# My favorite ensemble for prime time madrigalists, claudio calvida & La Venexiana



## deprofundis (Apr 25, 2014)

It's no secret im a big fan of la Venexiana and Claudio Calvida a pure genieous for Carlo GESUALDO, i never heard sutch awesome set of madrigals, the voice are from the heaven, never too loud , charming, warm. inspiring,, evocative, expressionist ..woaw guys

Deuxio There album of Luzzacho Luzzaschi and De wert madrigals has well, oh i love la venexiana, taste better than the best kaviar.

And that it folks oh yeah i almost forgot, Jacob Handl Gallus and Adrian Willaert madrigals on Singer Pur are in league.

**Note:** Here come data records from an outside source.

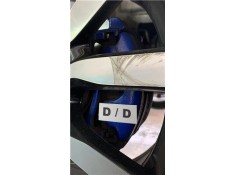 Recambio de pinza freno delantero derecha para volkswagen golf vii (5g1/be1) híbrido gte referencia OEM IAM 8V0615124  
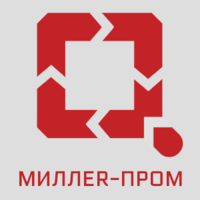 МИЛЛЕR-ПРОМ logo, МИЛЛЕR-ПРОМ contact details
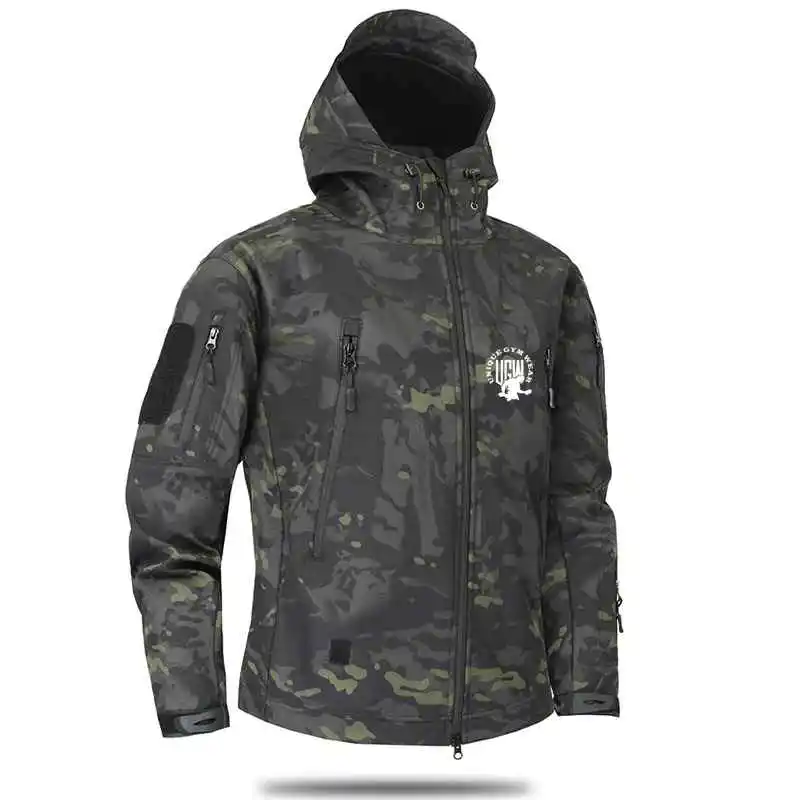 Newest Style Lady Jean Jacket Long Sleeve Woman Denim Jacket Womens Clothing Black Quantity Custom Coat Cotton Blue OEM Pockets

I love the art form of song genra of this kind .

:tiphat:


----------



## EddieRUKiddingVarese (Jan 8, 2013)

what ?


----------



## deprofundis (Apr 25, 2014)

*what ?*

I swear la venexiana ensemble, trust me on this is rad for music art form of madrigal a poetic song about life death love hate and many more topic ,so is Singer Pur after i heard Jacob Handl Gallus and Adriant Willaert,, that about it *EddieRUKiddingVarese*

:tiphat:


----------



## Mandryka (Feb 22, 2013)

deprofundis said:


> It's no secret im a big fan of la Venexiana and Claudio Calvida a pure genieous for Carlo GESUALDO, i never heard sutch awesome set of madrigals, the voice are from the heaven, never too loud , charming, warm. inspiring,, evocative, expressionist ..woaw guys
> 
> Deuxio There album of Luzzacho Luzzaschi and De wert madrigals has well, oh i love la venexiana, taste better than the best kaviar.
> 
> ...


It's good you post this because I listened to some of their Monteverdi just a couple of weeks ago. They are operatic almost, with extrovert colourful highly nuanced word painting. I must say, these days I'm very anti opera, and in Monteverdi I really am not interested in the songs after Book 5 - and for these reasons, I prefer Alessandrini.

There's a whole other approach to madrigal singing which is not unrewarding - that of Emma Kirkby and Anthony Rooley.


----------